Selon un récent sondage, 63% des électeurs français souhaitent la cohabitation, ce qui serait une façon pour Macron d’être ouvert à écouter la voix des Français, ceux qui ne pensent pas comme lui. Parmi les propres partisans du président, un tiers souhaiterait que son parti ne parvienne pas à obtenir la majorité et 83 % désignent Mélenchon comme le nom idéal. Sur le plan national, Le Pen devance pourtant le rival de la gauche radicale.
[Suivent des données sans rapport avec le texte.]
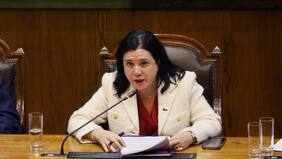 Exposición de Steinert en la Cámara incomoda al oficialismo y desata cuestionamientos en la derecha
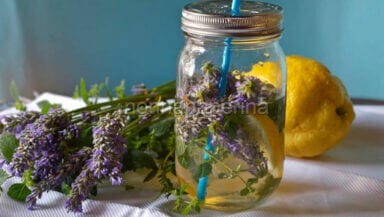 acqua aromatizzata alla lavanda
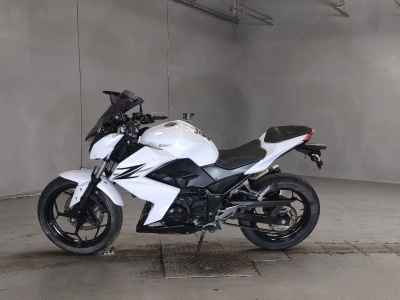 Kawasaki Z250 2013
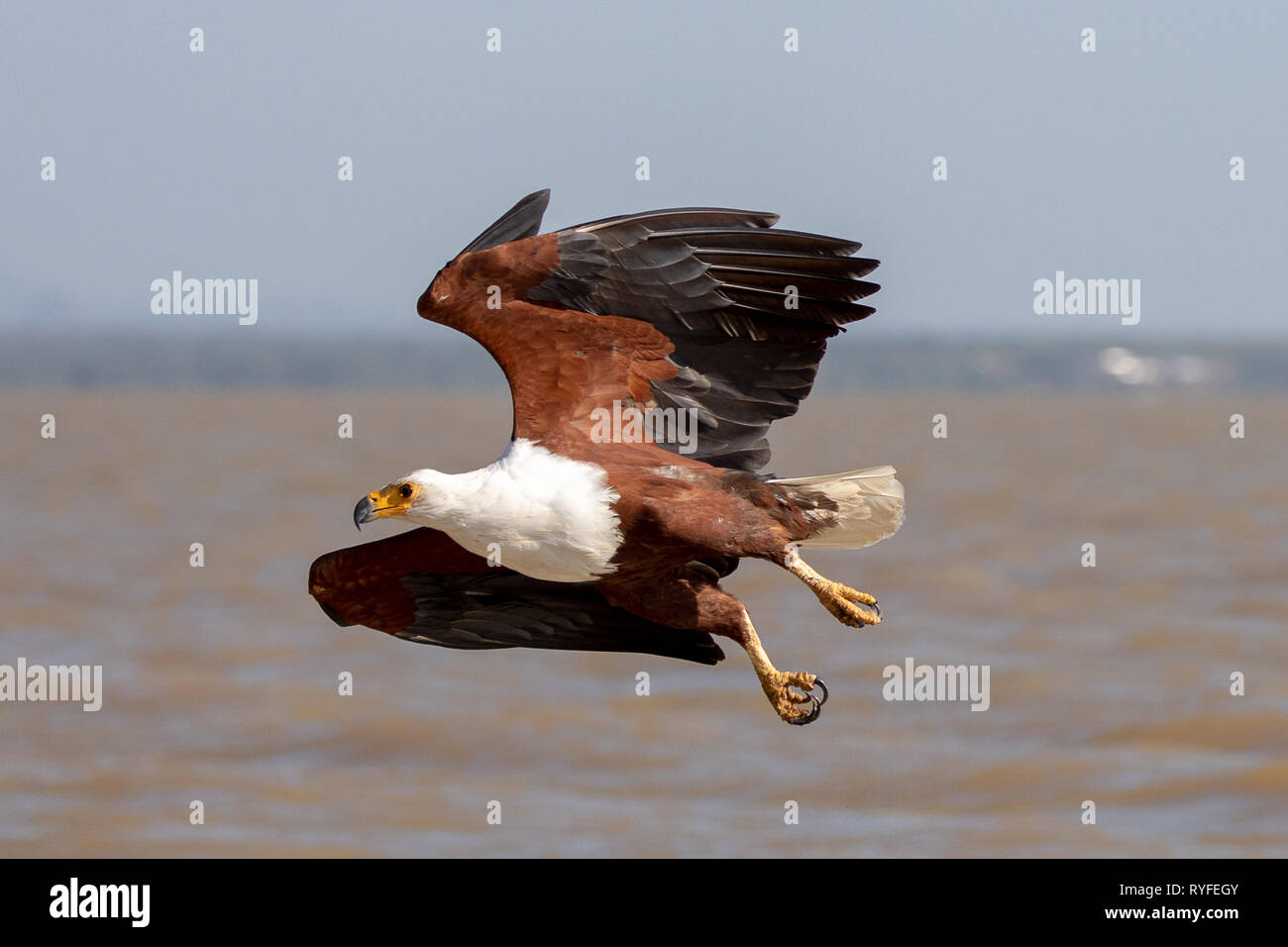 African Sea Eagle piomba per pesci, Kenya Africa Foto Stock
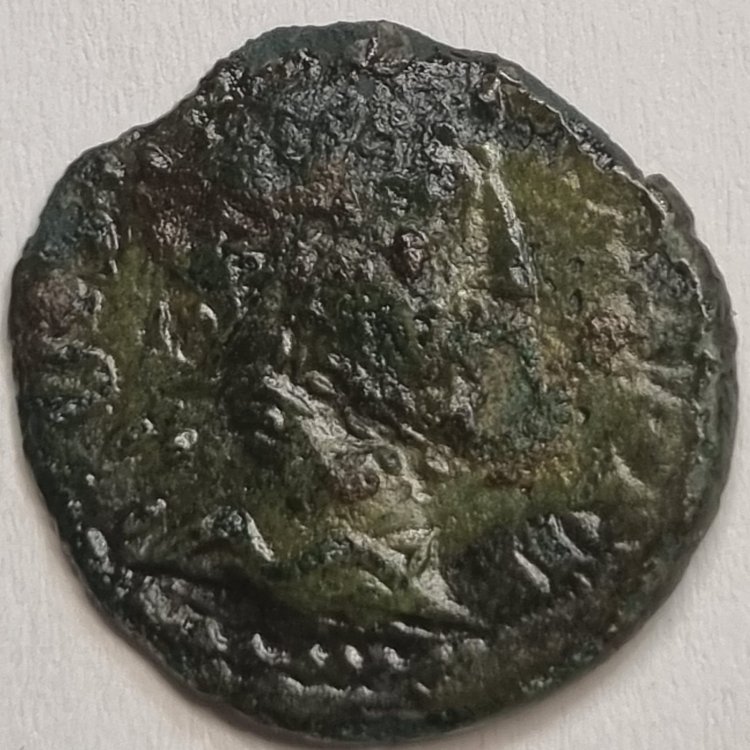 Immagine WhatsApp 2024-07-07 ore 18.35.19_9a1353d2.jpg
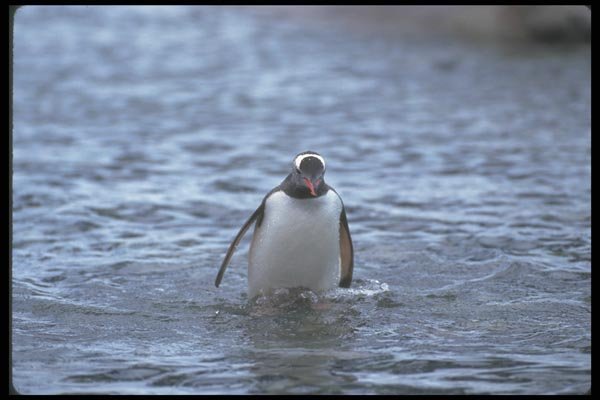 106027 Gentoo Penguin Emerging From Sea A4 Photo Print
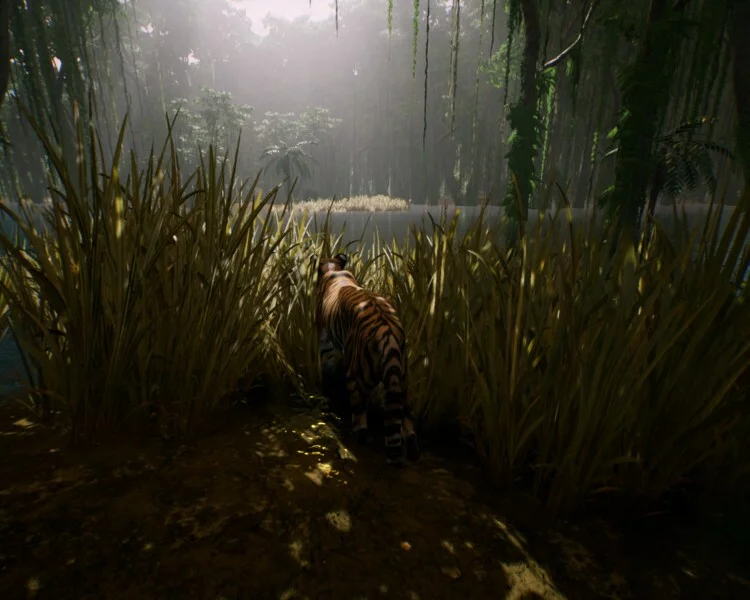 Изображение игры: The Savana
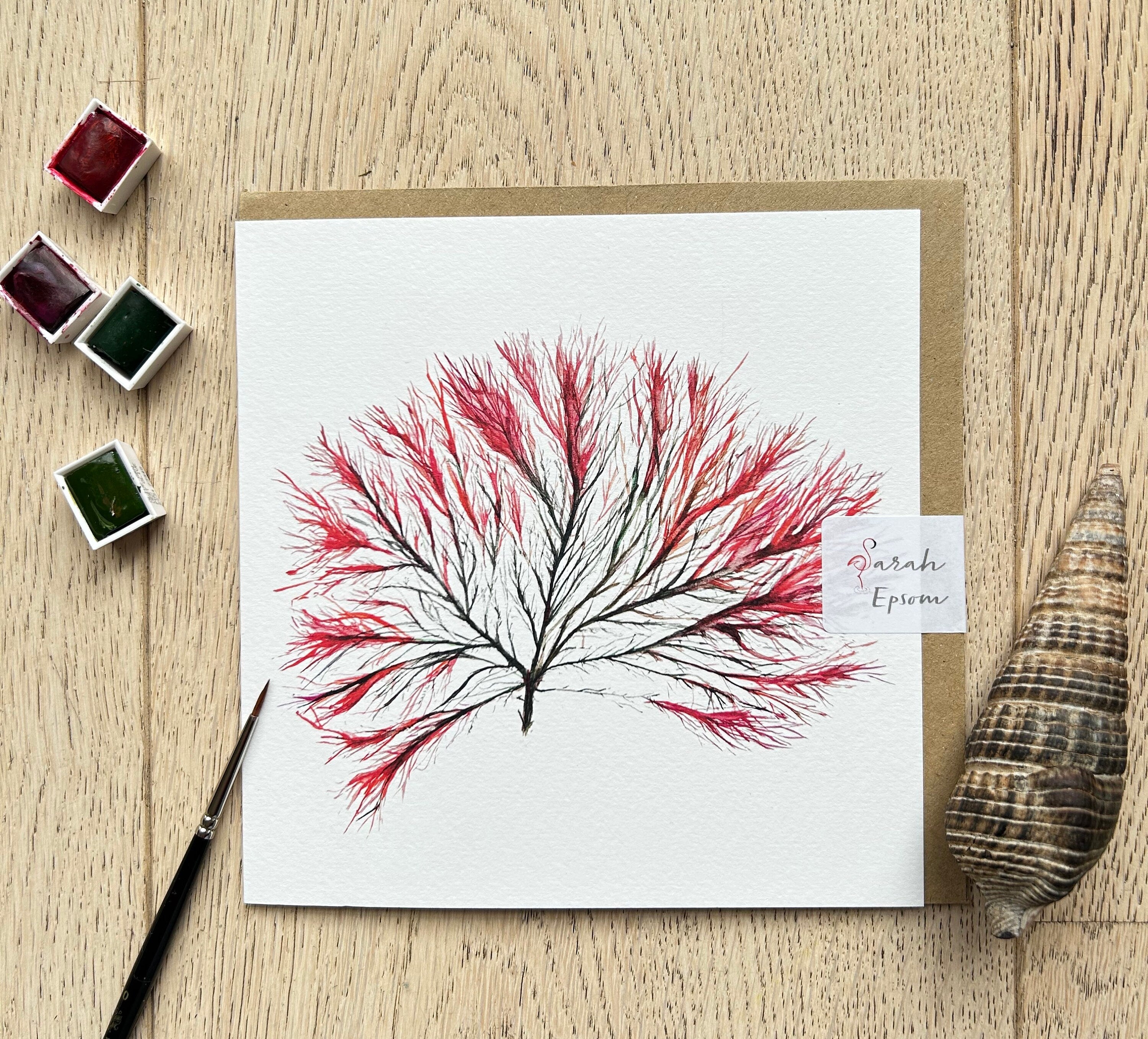 Seaweed painted cards, Seaweed art, Seaweed greeting cards, Ocean Art, Watercolour greeting Card, Blank Note Card, by artist Sarah Epsom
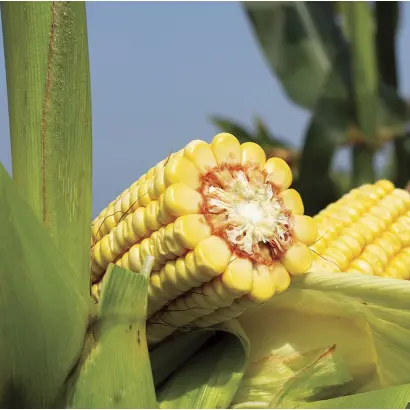 Григорів 270 СВ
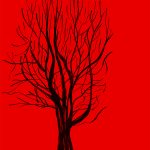 Mónica Sánchez-Robles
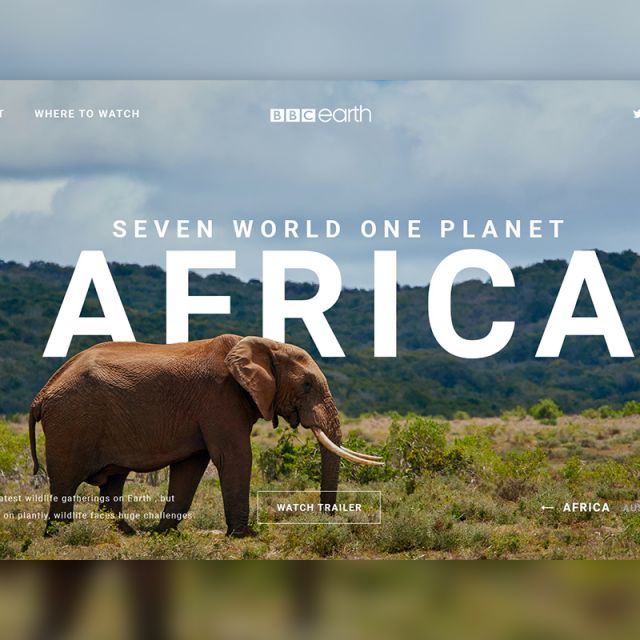 BBC Earth Africa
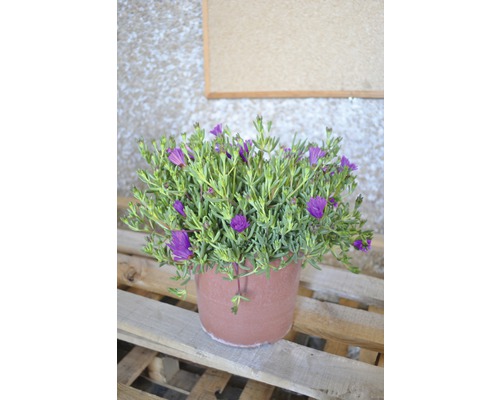 Pourpier vivace en pot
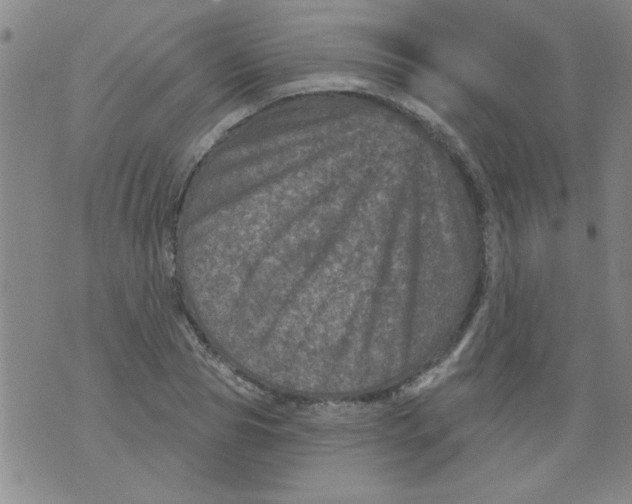 X0000073730929200608311841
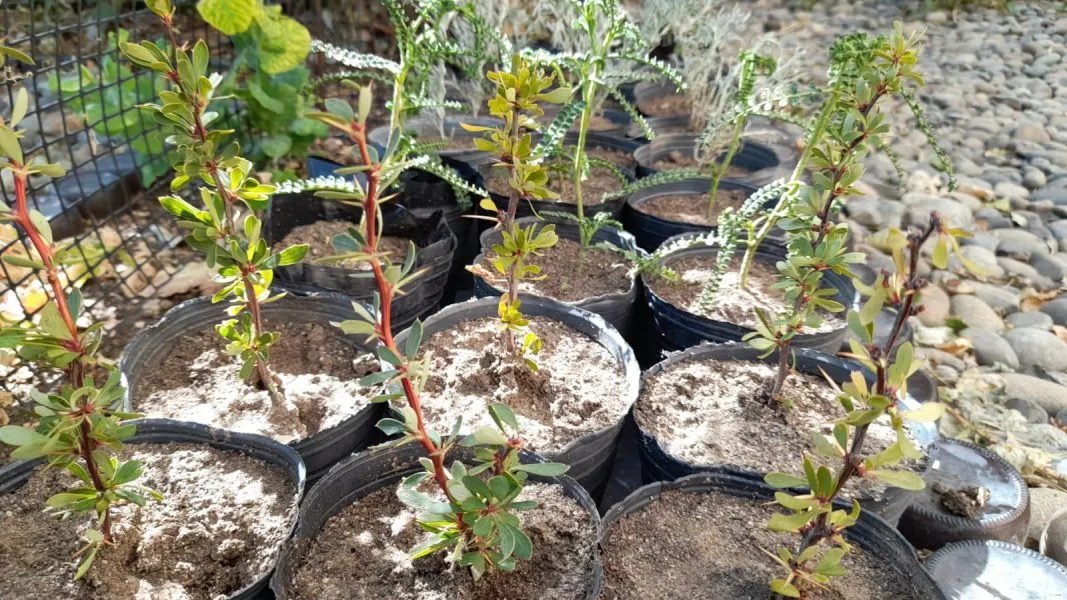 Charla-taller sobre plantas nativas de la Patagonia Sur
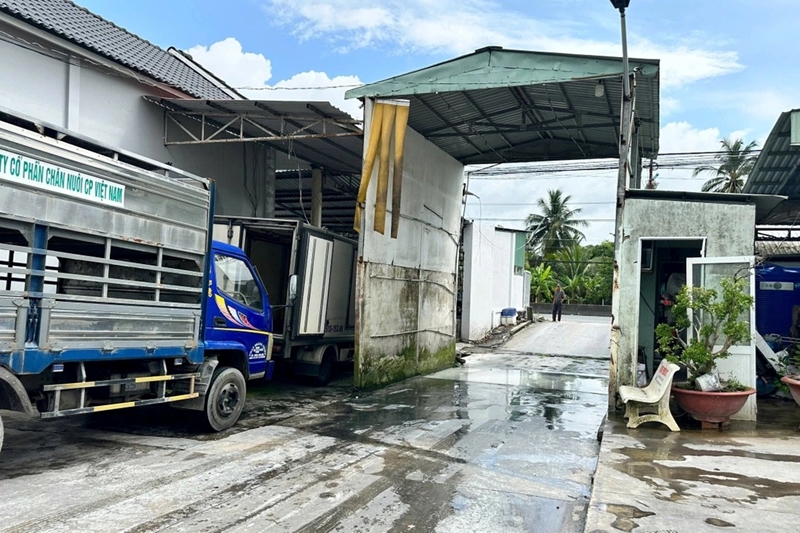 Kiểm tra lò giết mổ heo gia công cho Công ty C P Việt Nam tại Hậu Giang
En termes de prévisions, il semble plus probable que la France Insoumise (le parti de Mélenchon, LFI), ou une coalition progressiste, puisse obtenir plus de soutien électoral que l’«union de la droite» divisée. Même si tel était le cas, le bloc de la gauche pourrait considérablement compliquer les plans de Macron, étant donné que Mélenchon lui-même est très critique sur de nombreux points du programme du président, à commencer par la réforme des retraites et les politiques économiques, mais aussi sur des questions stratégiques telles que l’adhésion de Paris à l’UE et à l’OTAN. Et dans les 50 jours qui nous séparent du premier tour des législatives, tout peut encore arriver.